Indian Anglers.

Record Number: 

Olds, Fred A. "Indian anglers." Forest and stream. February 3, 1912: 147, 60.


In his letter to the editor from Raleigh, dated January 26, Fred A. Olds reports on visits of a few days each with the Croatans (now called Lumbees) in May of the previous year and the Cherokees of North Carolina in August. He describes the fishing areas and methods of each tribe. The Lumbee primarily fish in the Lumber River, which Olds explains is more properly called Lumbee. Olds mentions also the extensive swamps and the forests of cypress and juniper that border the river. The Lumbee fish, either from boats or from the bank, with long poles and long lines. They use worms or roaches for bait. They fish for black bass as well as for blue bream, which he says weighs one to two pounds, is a fine sport fish, and is delicious to eat.
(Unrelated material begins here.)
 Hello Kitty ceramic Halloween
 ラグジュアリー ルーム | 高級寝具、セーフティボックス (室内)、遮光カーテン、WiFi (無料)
The following quotation gives Olds's comparison of Croatan fishing and hunting to Cherokee: "The Cherokees have exterminated the game in their high mountain country, and therein are widely different from the Croatans, for in the section inhabited by the latter there are as yet many deer, wild turkeys and squirrels, while as already stated there are no end of fish. The Croatans show more up-to-date methods in preserving their game than do the Cherokees. The Croatans generally use shotguns for killing game, though rifles, old and new pattern, are very frequent. Strange to say, these Croatans have always used the cross-bow, being the only Indians so far as known that ever used this weapon. They got this of course from the English side of their race, and it is a survival of the days of Queen Elizabeth. Of course they used the long-bow, too, but this has gone out for many a year, while cross-bows are yet made, though now these are not used for killing game, but merely for purposes of amusement, though some of them are extremely well made and duplicate the lines of the once so deadly English weapon."